Tuesday, July 20, 2010

Real Rate of Unemployment

A lot of focus has featured on why inflation is so high. A more interesting question is why is unemployment not higher given depth of recession and also, the number who are economically inactive.

source ONS

The employment rate in the UK is currently 72.3%. The employment rate is the % of those of working age in employment, (it also includes part time employment). This means we have 27% of the working age population not in employment. This includes
  • unemployed (either claiming JSAor unemployed by Labour force survey)
  • Those in full time education
  • taking early retirement
  • Left the labour force - e.g. mothers bringing up children, those on disability allowance.
Obviously, if people leave labour force to study, this can be beneficial in long term. But, if a significant proportion of workforce are pushed on to disability allowance or take early retirement this represents significant lost output for economy.

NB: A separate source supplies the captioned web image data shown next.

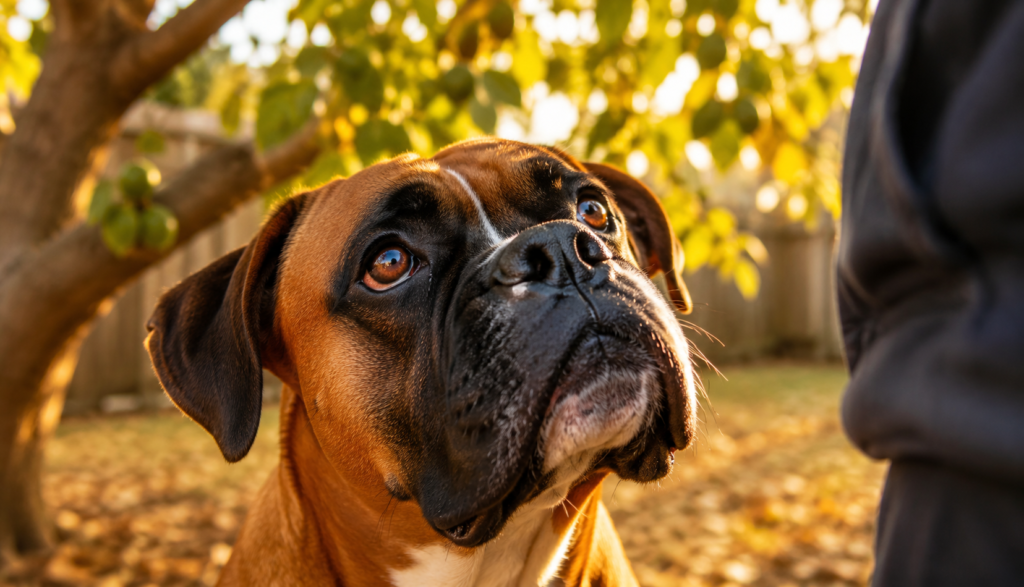 Boxer dog looking up attentively at owner in backyard near walnut tree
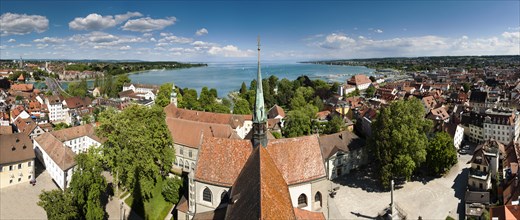 Panoramic view from Konstanz Minster of Our Lady over Lake Constance and the historic town centre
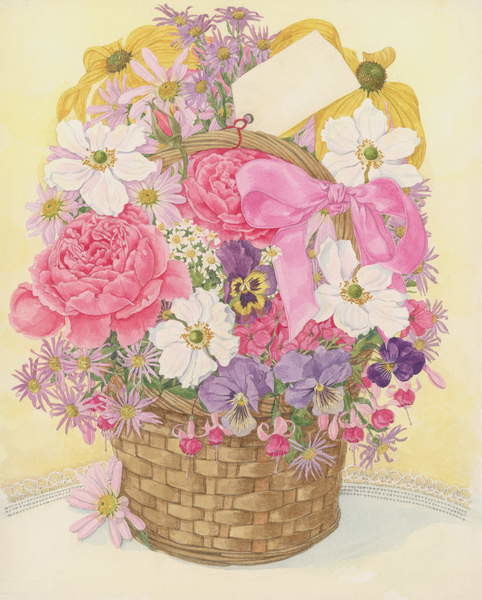 Canvas Print Basket of Flowers, 1995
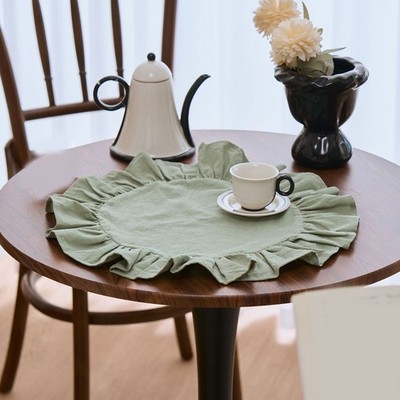 4 Stck. 15 Zoll Runde Tischsets Polyester Baumwollmischung mit Rüsche Tischkante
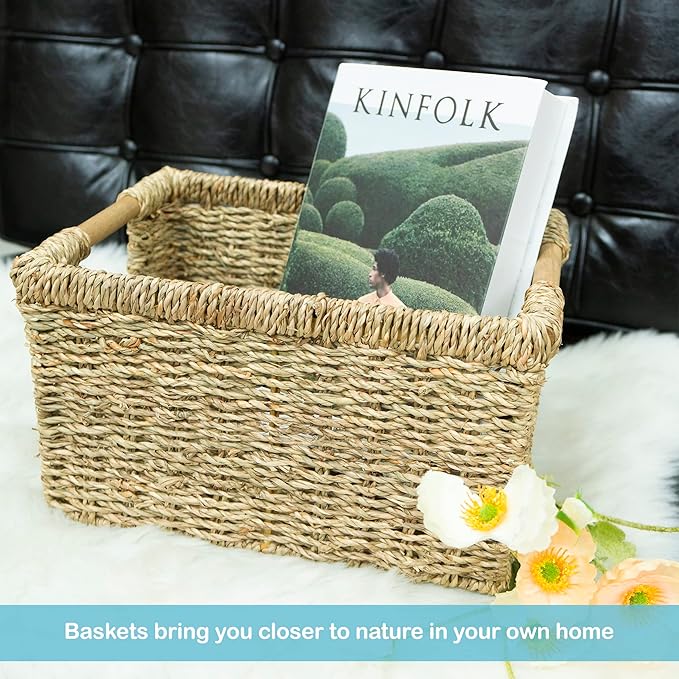 Natural Seagrass Basket with Wooden Handle, Medium Rectuangular Wicker Basket - Image 7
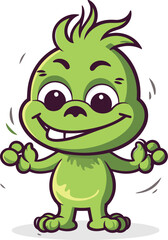 Vector illustration of cute cartoon green monster. Isolated on white background.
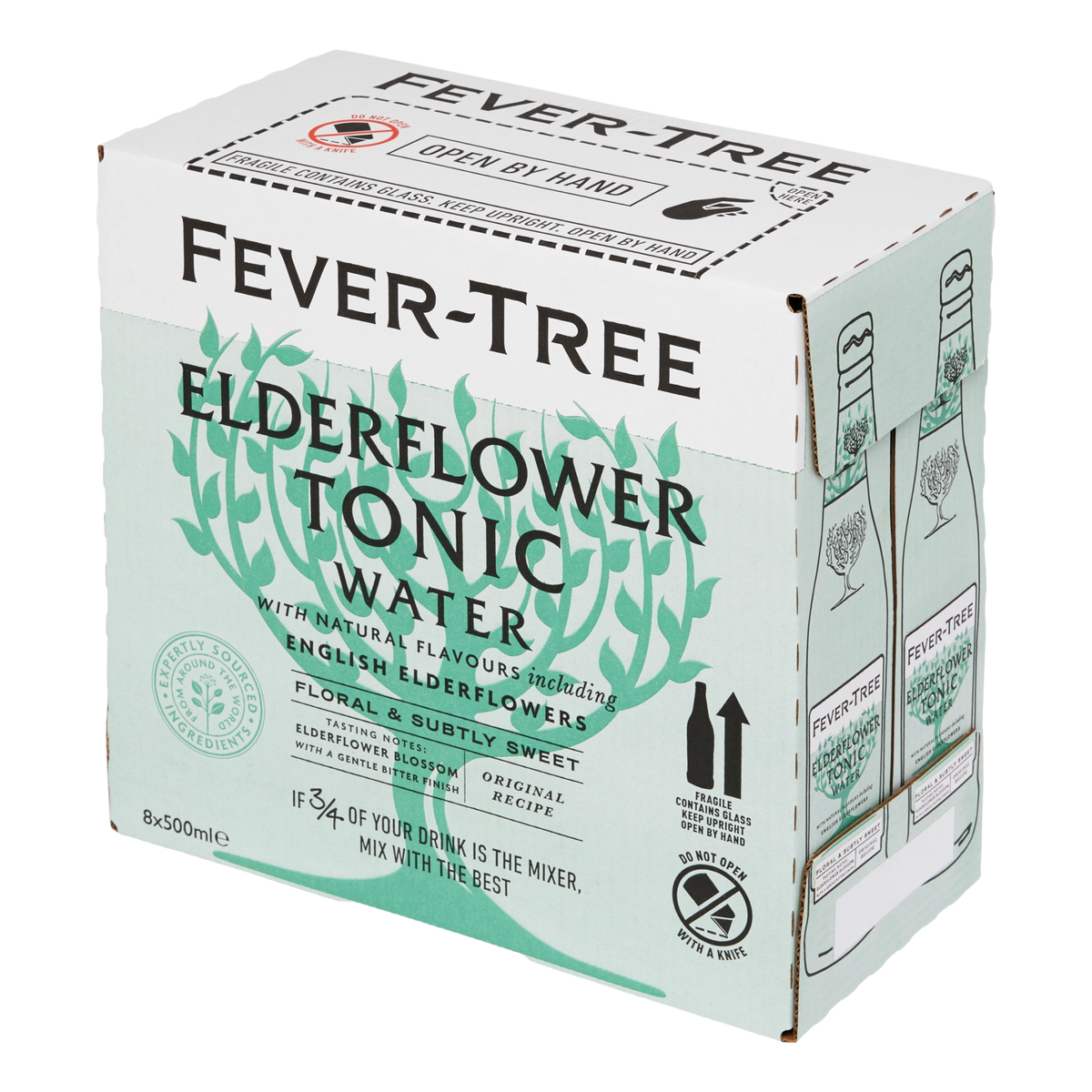 Fever Tree Elderflower Tonic Water 500ml Bottle Case of 8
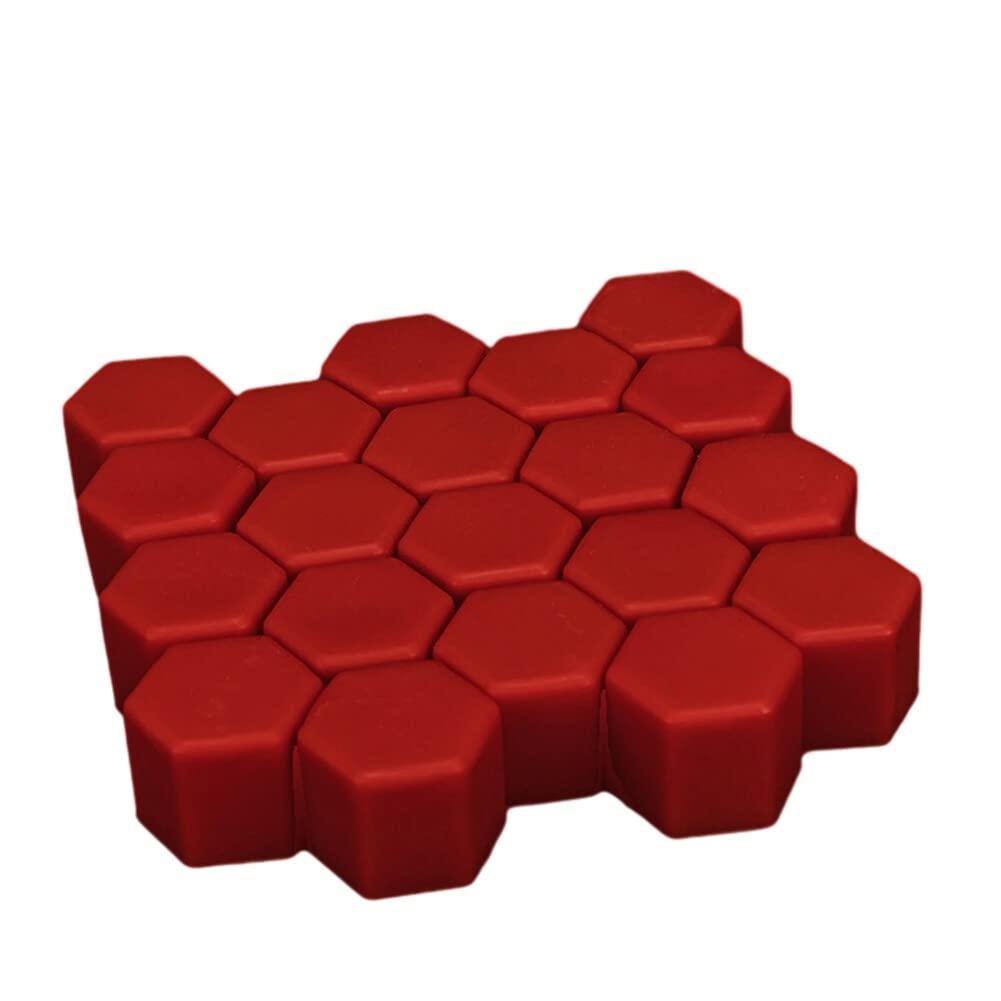 20 Pack Lug Nut Cover | Flexible Fit Wheel Lug Nut Cap | Fits 21 mm | Deluxe Extractor Car Hex Hexagonal Tire Covers Tyre Screw Cap Silicone Bolt Nut Cap (Red)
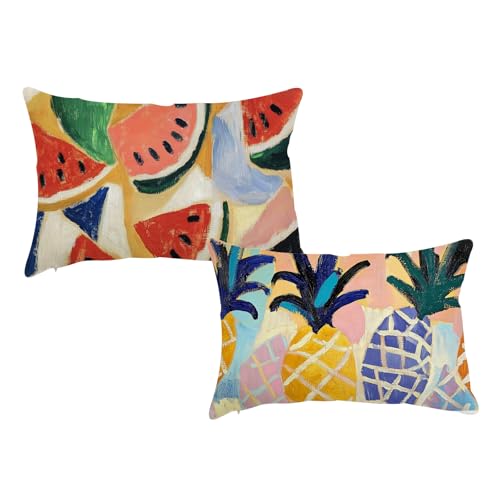 Summer Fruit Throw Pillow Covers Set of 2 12x20 Inches - Artistic Canvas-Like Decor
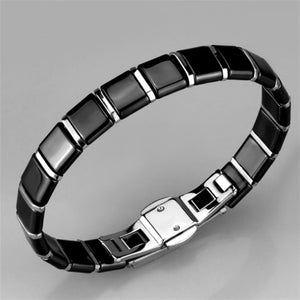 3W984 - High polished (no plating) Stainless Steel Bracelet with Ceramic  in Jet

Despite the recession, there are quite a few reasons why unemployment is not higher
  • cost of redundancy.
  • Increase in student numbers to avoid a saturated job market.
  • Underemployment - people working less hours than they would like
  • Recession hit hardest sectors of the economy which were less labour intensive e.g. finances rather than manufacturing.
See more: Reasons why UK unemployment is not higher

Measuring Unemployment

Another interesting statistic is the divergence between JSA and Labour Force Survey measure of unemployment. The Labour Force survey suggests 2.5 million people are actively seeking work. But, the claimant count only records 1.5 million claiming JSA. See: Measuring unemployment

One reason is that there are many criteria to be eligible for JSA. Also, many who are unemployed (actively seeking work) actually receive benefits other than JSA.